**EXERCISE AIM**
Omit the pictures from the entries below and retype everything else exactly.
▼
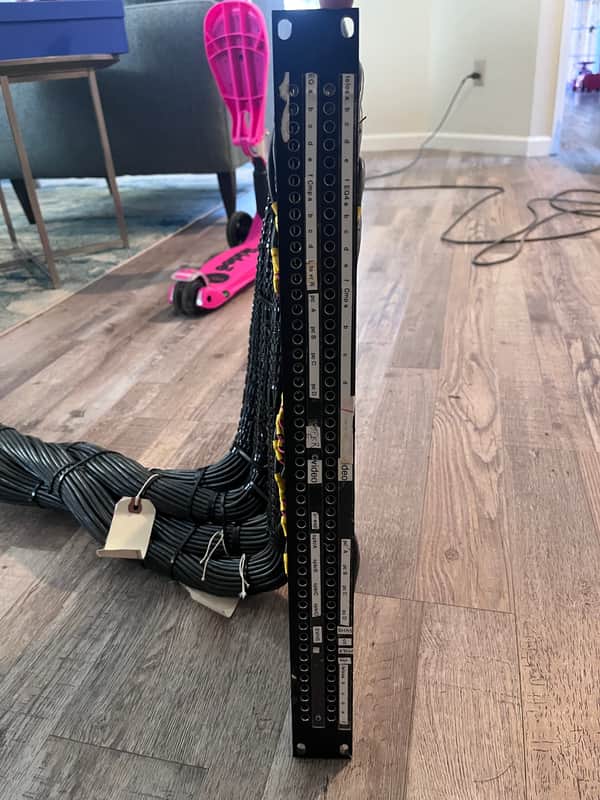 ADC 96 Point TT Patchbay image 1
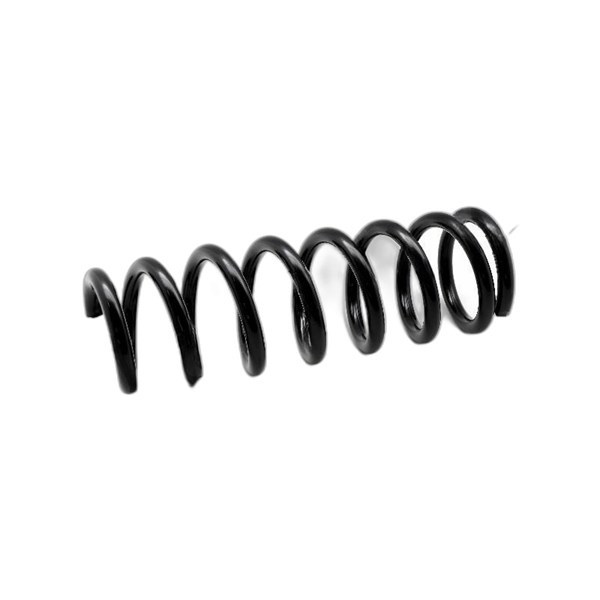 Spiralfjäder, Bakaxel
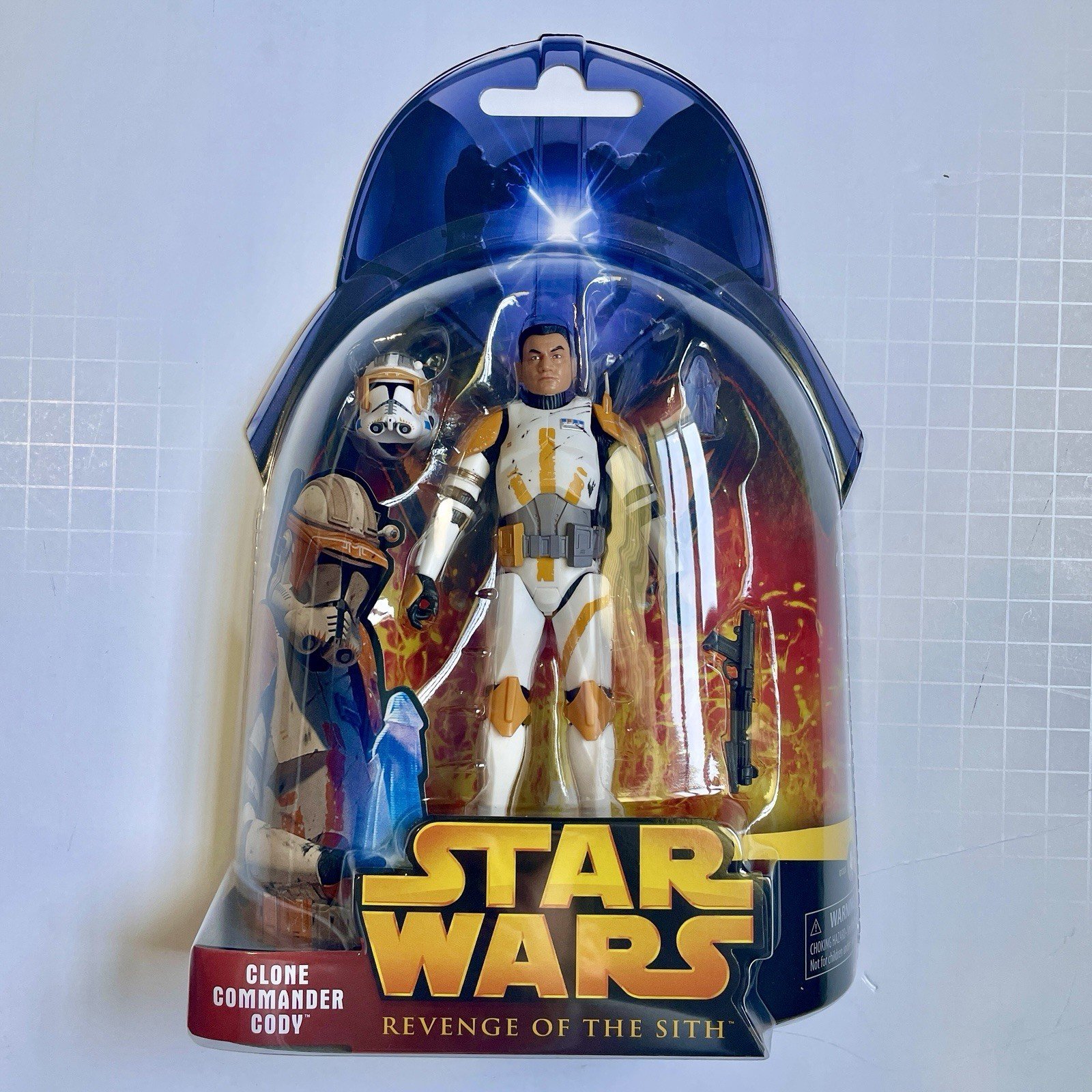 Star Wars The Black Series 6 Revenge of the Sith Clone Commander Cody NEW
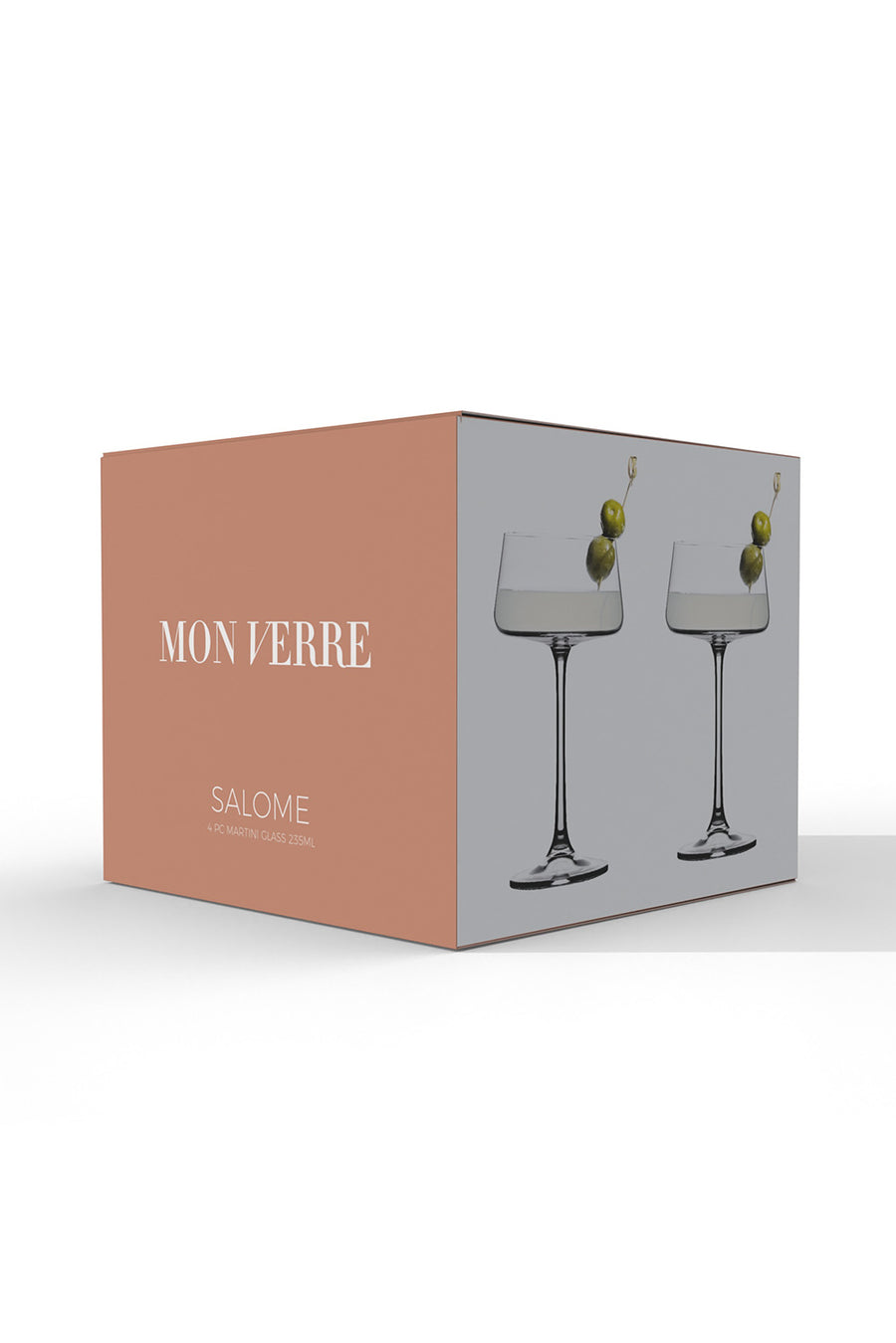 Salome Martini Glass - Set of 4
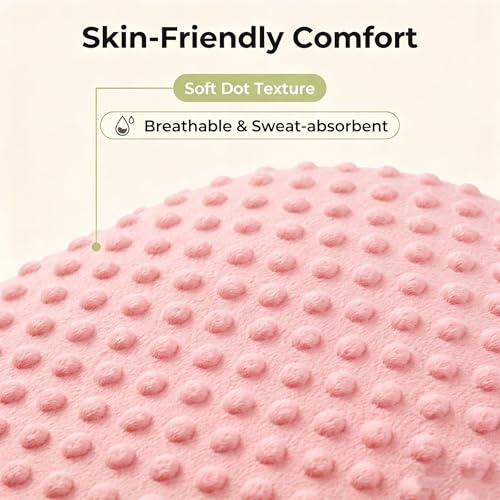 Image of Owlowla Bassinet Sheets Set Universal Fitted Baby Bassinet Pad Mattress | Soft Breathable Minky Cradle Sheets Fit for Hourglass Oval Rectangle Mattress for Baby Boys Girls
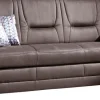 SYSTEMPOLSTER Sofa 3-Sitzer IMATRA-H nougatbraun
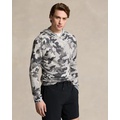 Golf-Camo Cashmere Hooded Sweater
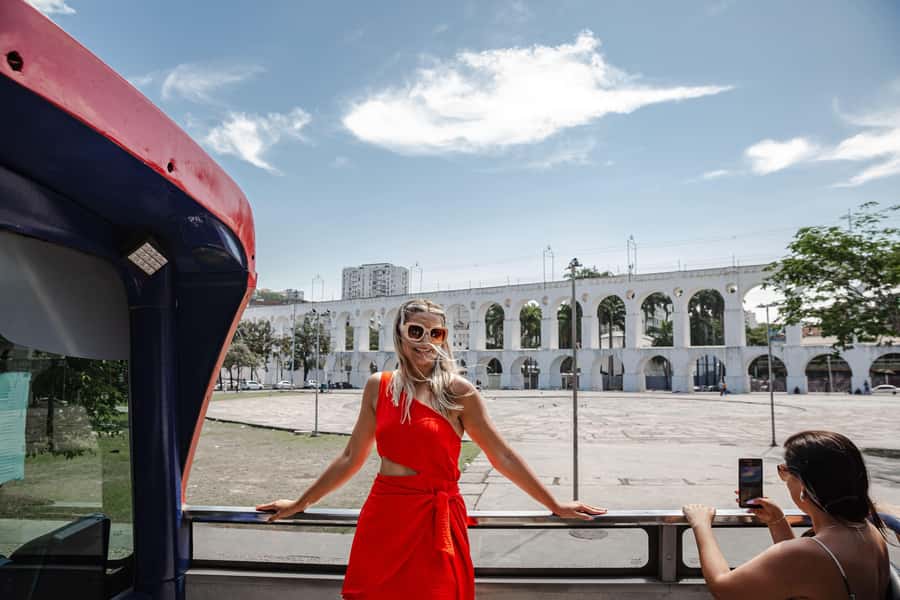 Hop-ON Hop-OFF Sightseeing Bus in Rio de Janeiro - Rio Samba Bus - Starting with Copacabana and the South Zone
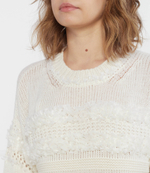 Хлопковый свитер Liviana Conti - белый(F3WB30)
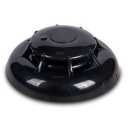 Detector óptico analógico con aislador. Base no incluida. Color Negro
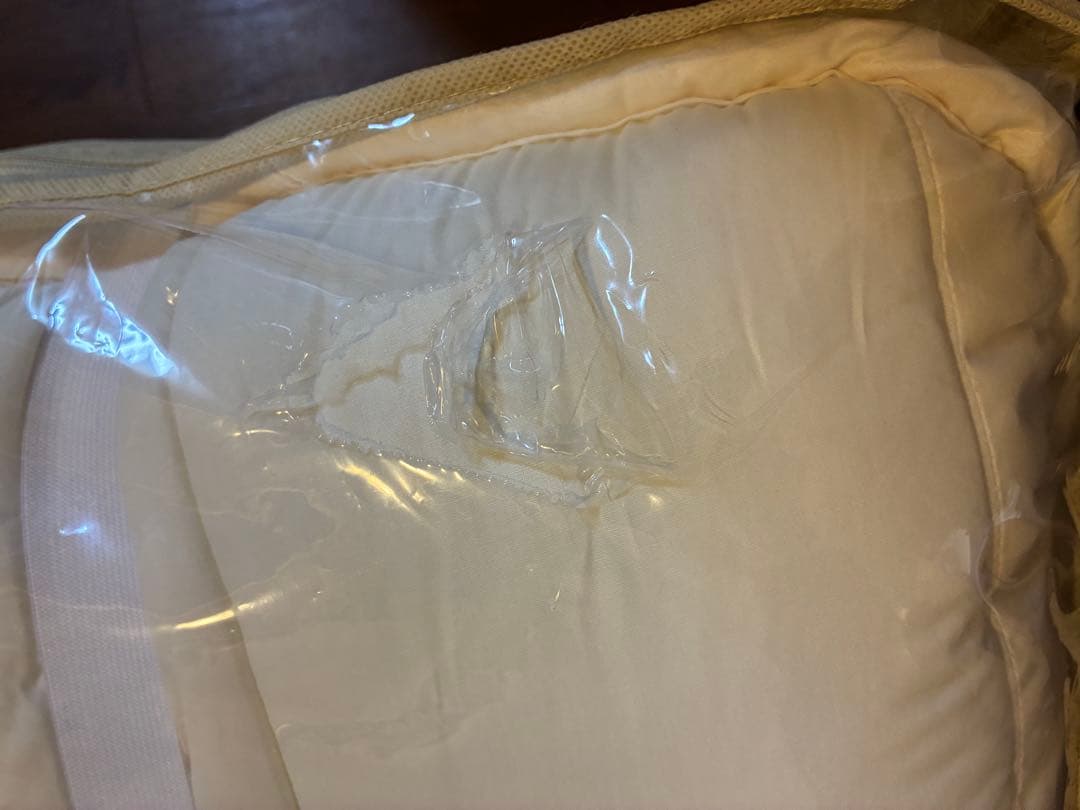 新品未開封　雲のやすらぎプレミアム　敷布団　ダブル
▲
**OUTPUT OF THE TASK**
 ADC 96 Point TT Patchbay image 1
 Spiralfjäder, Bakaxel
 Star Wars The Black Series 6 Revenge of the Sith Clone Commander Cody NEW
 Salome Martini Glass - Set of 4
 Image of Owlowla Bassinet Sheets Set Universal Fitted Baby Bassinet Pad Mattress | Soft Breathable Minky Cradle Sheets Fit for Hourglass Oval Rectangle Mattress for Baby Boys Girls
 SYSTEMPOLSTER Sofa 3-Sitzer IMATRA-H nougatbraun
 Golf-Camo Cashmere Hooded Sweater
 Hop-ON Hop-OFF Sightseeing Bus in Rio de Janeiro - Rio Samba Bus - Starting with Copacabana and the South Zone
 Хлопковый свитер Liviana Conti - белый(F3WB30)
 Detector óptico analógico con aislador. Base no incluida. Color Negro
 新品未開封　雲のやすらぎプレミアム　敷布団　ダブル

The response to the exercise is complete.